**WORK TO COMPLETE**
Among the lines below, the one containing "Balloon Oversized Cotton Shirt – Blue" opens the range and the one containing "Kinderteppich Felix der" closes it. Print that range exactly, without the pictures.

** Opening ENTRIES SUPPLIED block **

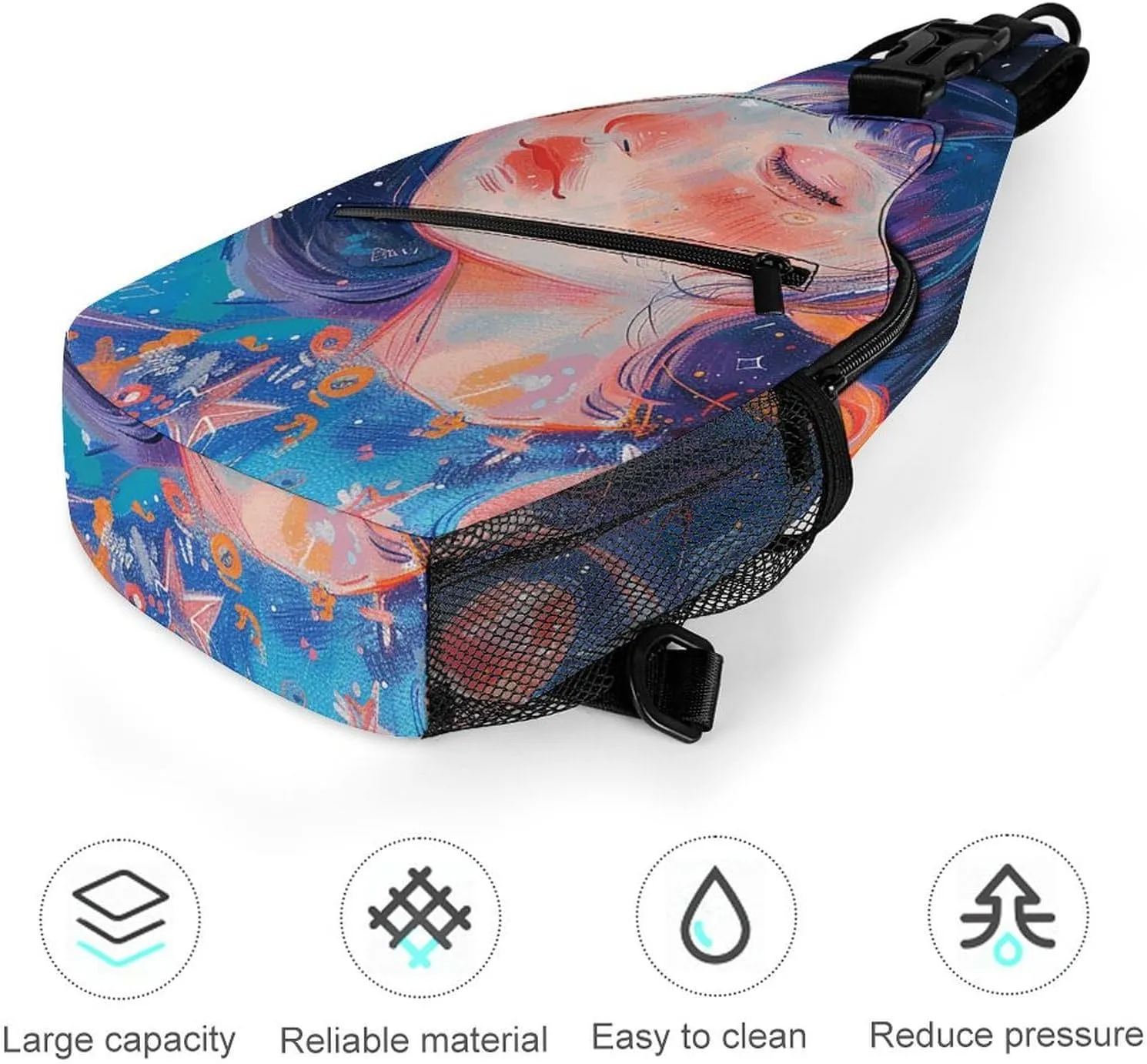 Sling Bag for Women Men Daypack Art Style Fantasy Chest Bag Crossbody Backpack for Hiking Travel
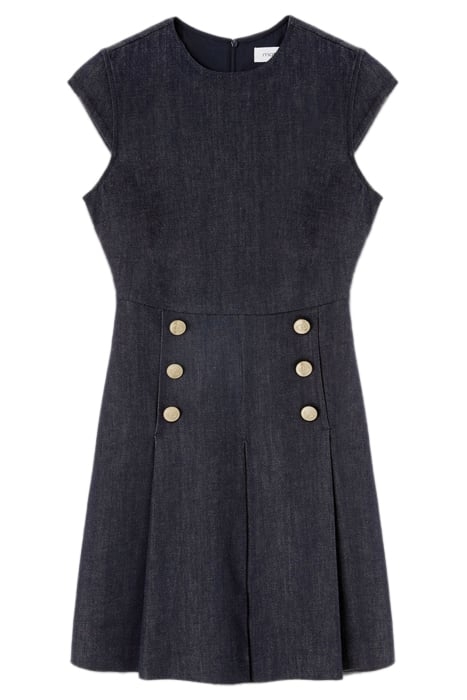 SHORT DENIM DRESS WITH BUTTON FEATURE BLUE 1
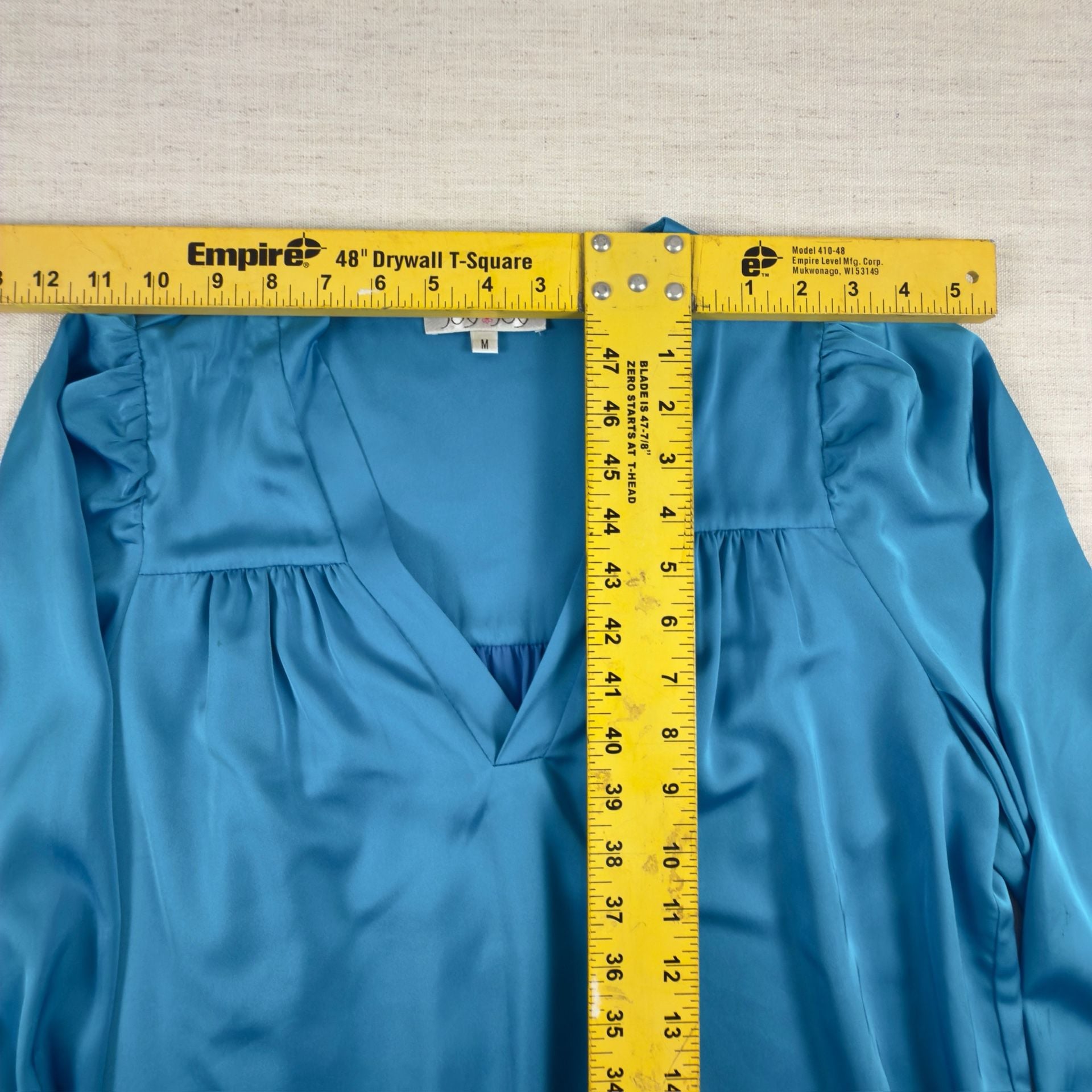 Joy Joy Blue Satin Long Sleeve Blouse Size M 6
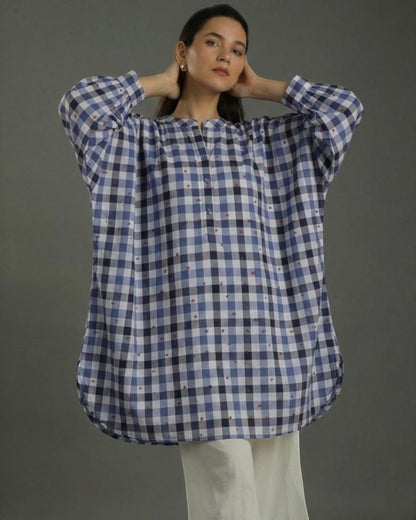 Balloon Oversized Cotton Shirt – Blue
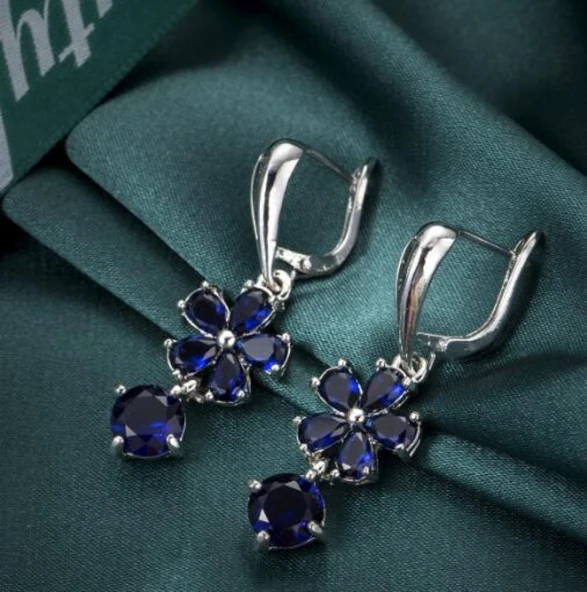 Mavi Topaz Takı Seti - Gümüş Kolye ve Sarkan Küpe - 4
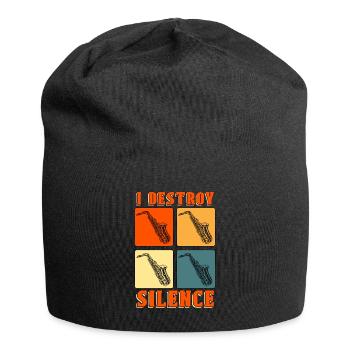 Saxophone I Destroy Silence Instrument Saxophonist - Jersey Beanie - black - Front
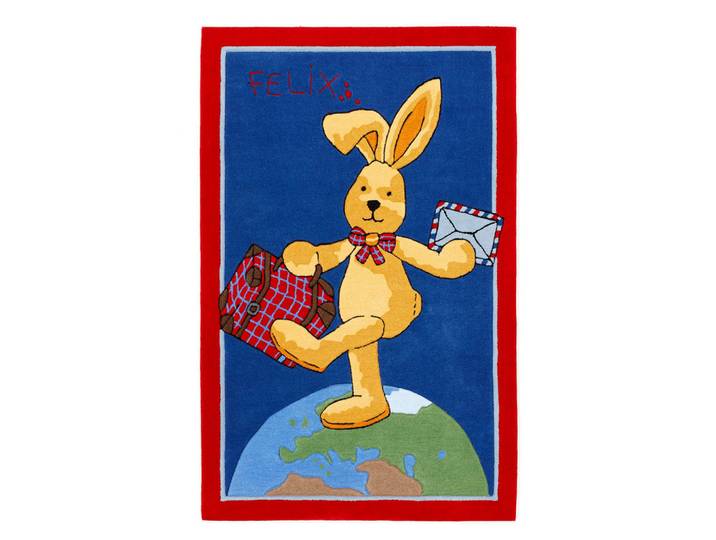 Kinderteppich Felix der Hase, Blau, Tier, rechteckig, 150x220 cmes Vertrauen - Oeko-Tex®, für Fußbodenheizung geeignet, Teppiche & Böden, Teppiche, Teppich Kinderzimmer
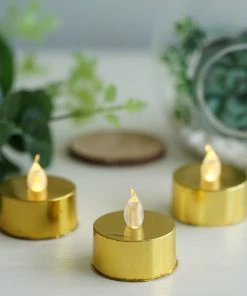 HIER_3720 12 Pack | Metallic Flameless LED Candles | Battery Operated Tea Light Candles | Gold 32 HIER_3720 12 Pack | Metallic Flameless LED Candles | Battery Operated Tea Light Candles | Gold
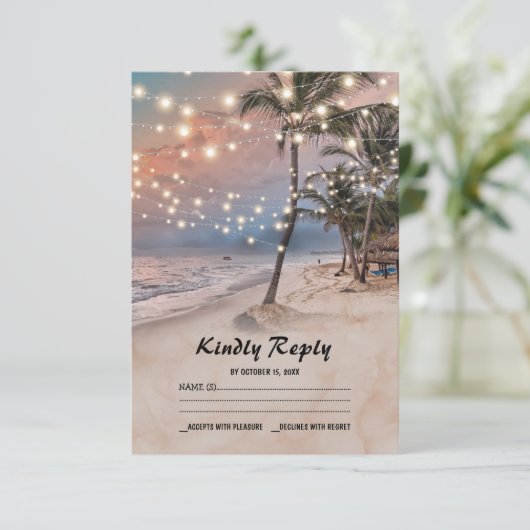 熱帯ヴィンテージビーチライトウェディングRSVP 出欠カード (スタンド正面)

** Closing ENTRIES SUPPLIED block **

**REPLY**
 Balloon Oversized Cotton Shirt – Blue
 Mavi Topaz Takı Seti - Gümüş Kolye ve Sarkan Küpe - 4
 Saxophone I Destroy Silence Instrument Saxophonist - Jersey Beanie - black - Front
 Kinderteppich Felix der Hase, Blau, Tier, rechteckig, 150x220 cmes Vertrauen - Oeko-Tex®, für Fußbodenheizung geeignet, Teppiche & Böden, Teppiche, Teppich Kinderzimmer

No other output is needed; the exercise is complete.